_ACTION ITEM:_ No pictures should appear in the copy; otherwise retype the entries exactly.
___ WORKING DATA ___
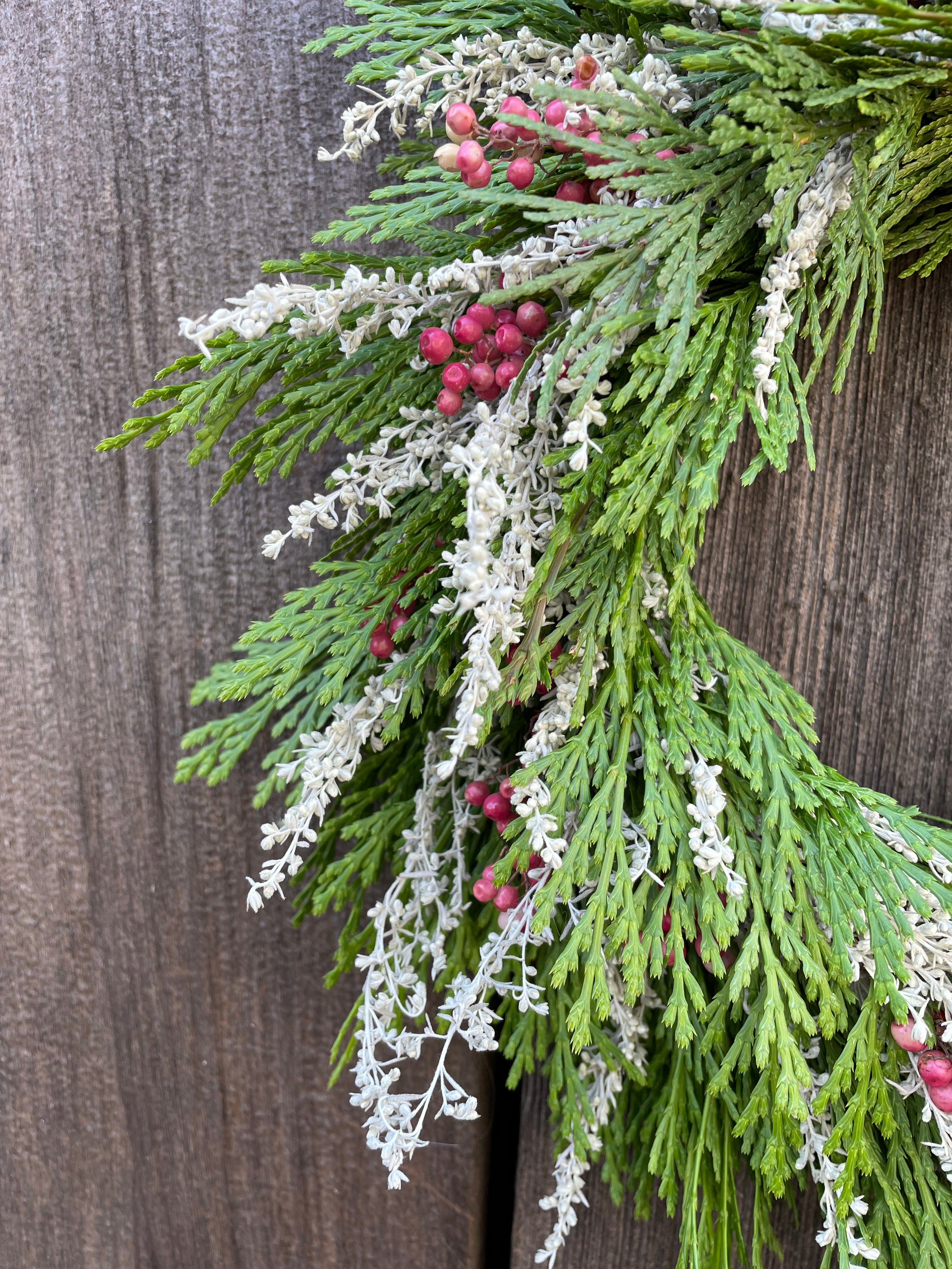 Small Cedar and Pepper Berry Wreath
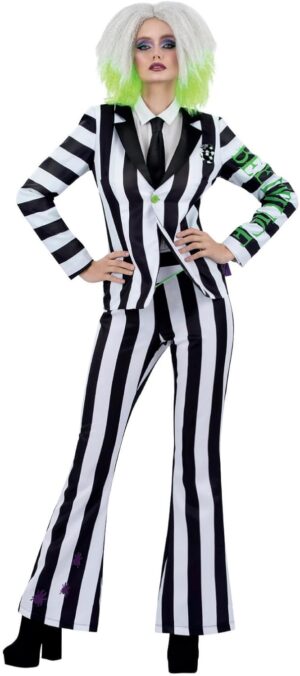 Robe Beetlejuice enfant à rayures noires et blanches, Warner Brothers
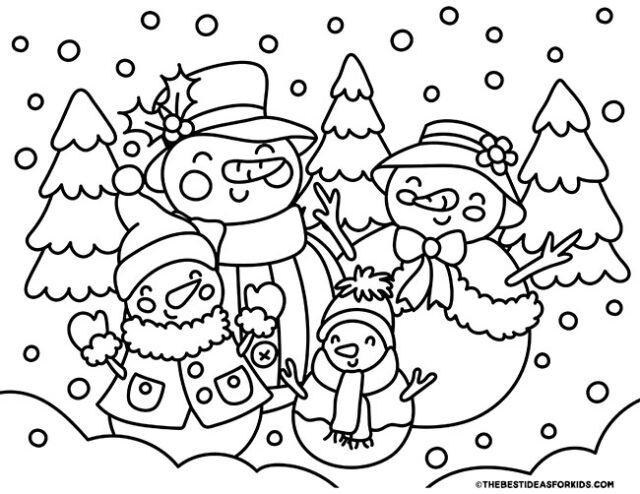 snowman family coloring page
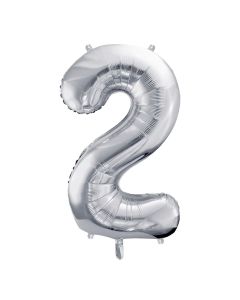 Foil balloon in the shape of number "2", nylon and refined aluminum, 86 cm, mixed, 1 piece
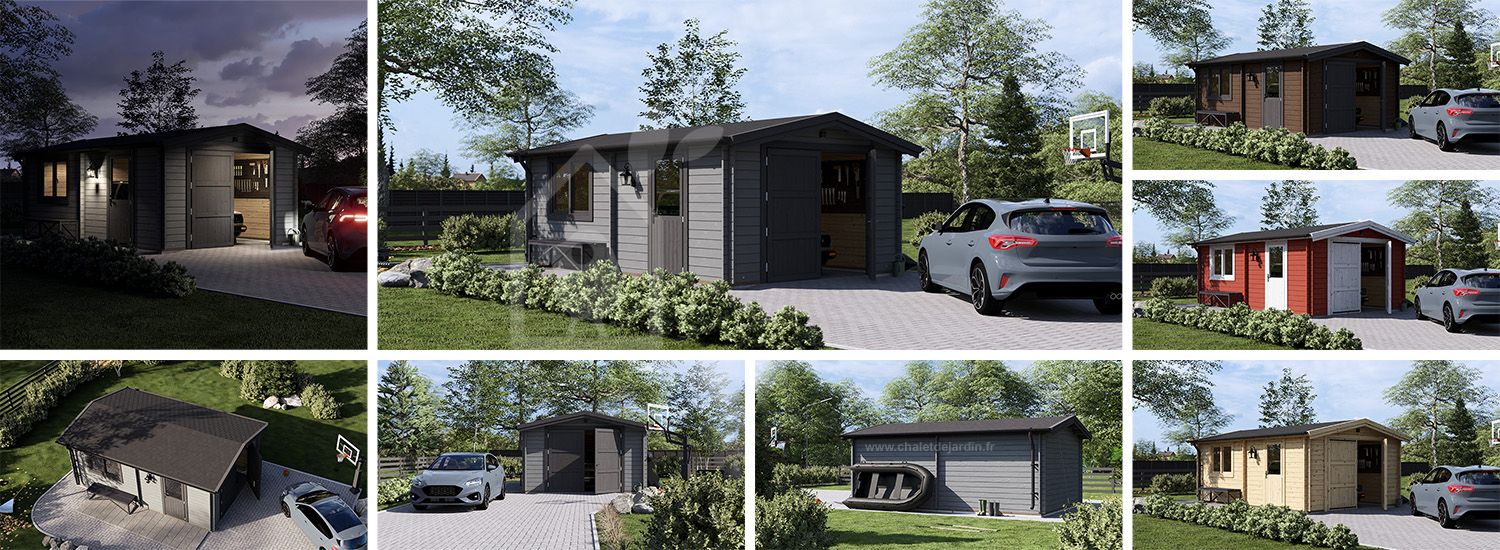 Garage en bois CLASSIC (44 mm), 4x6 m, 24 m² visualization 1
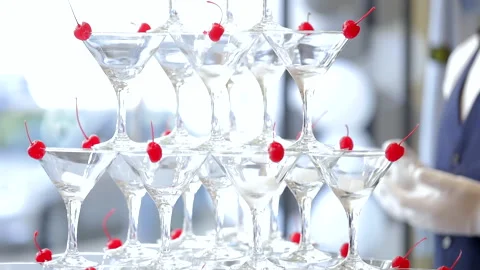 Bartender puts ice in alcoholic drink Stock Footage 245274866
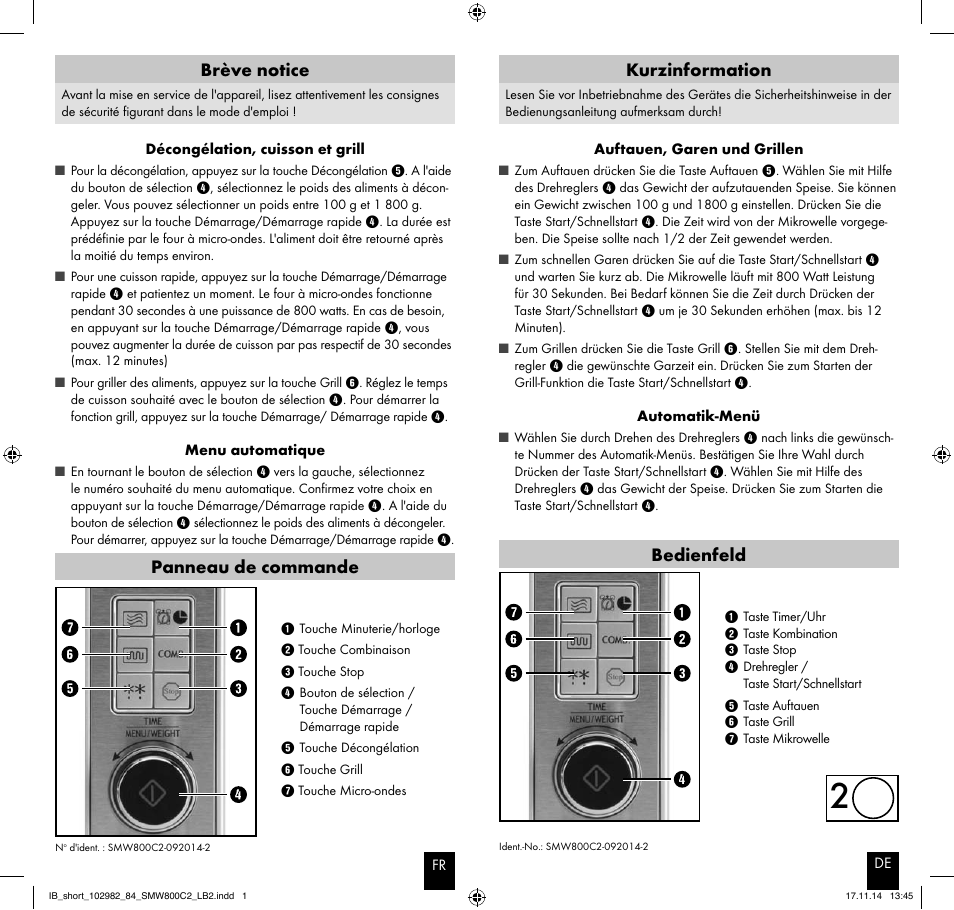 Silvercrest SMW800C2-092014-2 User Manual | 2 pages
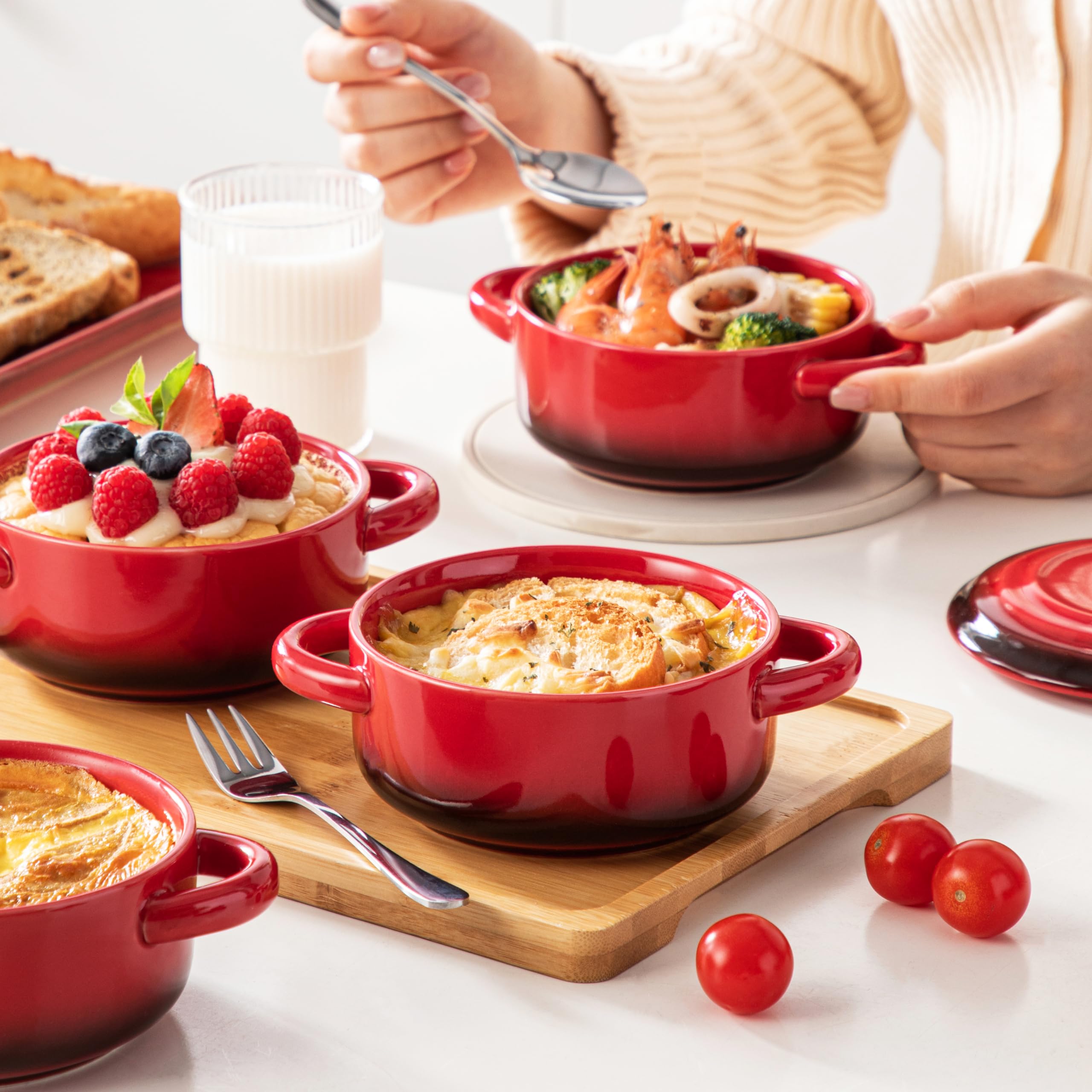 LOVECASA Mini Cocotte Set - 12 oz Small Casserole Dishes with Lids, Oven Safe Soup Bowls with Handles, Individual Baking Ramekins for Microwave & Dishwasher (Set of 4, Red) - Perfect for French Onion Soup, Desserts & Side Dishes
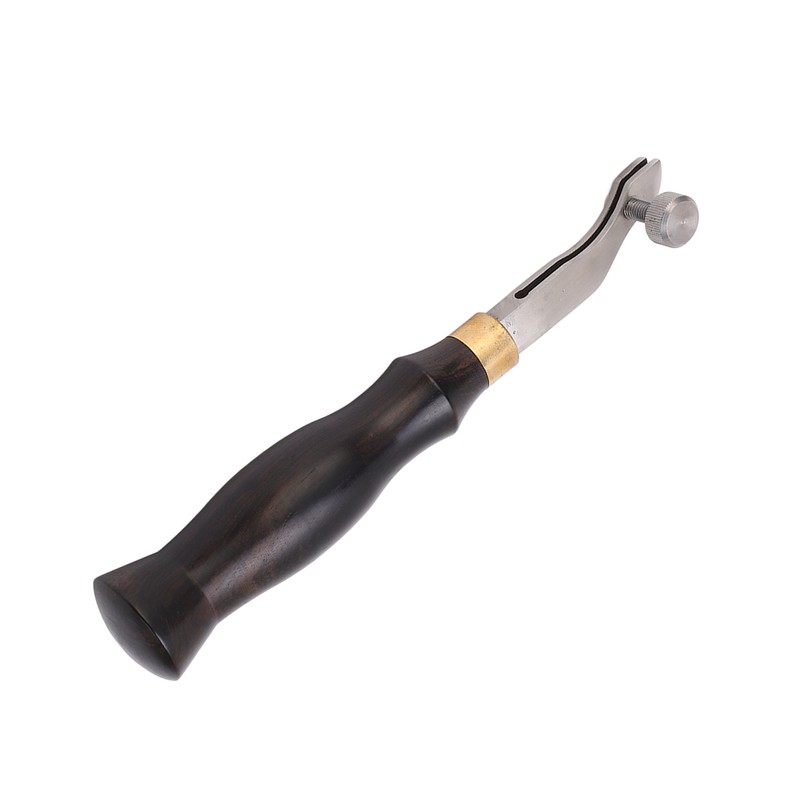 Leather Creaser 0.5mm Regulable Screw Ebony Handle Arc Design Stainless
___
_SOLUTION:_
 Small Cedar and Pepper Berry Wreath
 Robe Beetlejuice enfant à rayures noires et blanches, Warner Brothers
 snowman family coloring page
 Foil balloon in the shape of number "2", nylon and refined aluminum, 86 cm, mixed, 1 piece
 Garage en bois CLASSIC (44 mm), 4x6 m, 24 m² visualization 1
 Bartender puts ice in alcoholic drink Stock Footage 245274866
 Silvercrest SMW800C2-092014-2 User Manual | 2 pages
 LOVECASA Mini Cocotte Set - 12 oz Small Casserole Dishes with Lids, Oven Safe Soup Bowls with Handles, Individual Baking Ramekins for Microwave & Dishwasher (Set of 4, Red) - Perfect for French Onion Soup, Desserts & Side Dishes
 Leather Creaser 0.5mm Regulable Screw Ebony Handle Arc Design Stainless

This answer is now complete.